### DATA SHOWN
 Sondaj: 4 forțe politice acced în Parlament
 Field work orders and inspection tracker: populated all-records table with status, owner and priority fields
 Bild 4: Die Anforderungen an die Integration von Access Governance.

...

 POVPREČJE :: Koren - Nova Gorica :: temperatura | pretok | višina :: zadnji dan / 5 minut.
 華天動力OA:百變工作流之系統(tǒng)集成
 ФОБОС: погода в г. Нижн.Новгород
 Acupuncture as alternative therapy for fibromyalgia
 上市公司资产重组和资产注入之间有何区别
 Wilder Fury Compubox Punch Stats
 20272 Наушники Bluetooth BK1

...

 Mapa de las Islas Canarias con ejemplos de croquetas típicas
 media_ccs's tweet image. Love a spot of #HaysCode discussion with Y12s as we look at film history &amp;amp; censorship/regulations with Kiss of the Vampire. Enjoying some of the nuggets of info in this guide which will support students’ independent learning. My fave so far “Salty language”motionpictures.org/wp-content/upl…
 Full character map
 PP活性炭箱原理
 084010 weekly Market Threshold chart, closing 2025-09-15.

### TRY IT
Above are the entries. Copy exactly the part that opens with the line containing "Sondaj: 4 forțe politice acced în Parlament" and closes with the line containing "Bild 4: Die", and no more.

### EXERCISE RESULT
 Sondaj: 4 forțe politice acced în Parlament
 Field work orders and inspection tracker: populated all-records table with status, owner and priority fields
 Bild 4: Die Anforderungen an die Integration von Access Governance.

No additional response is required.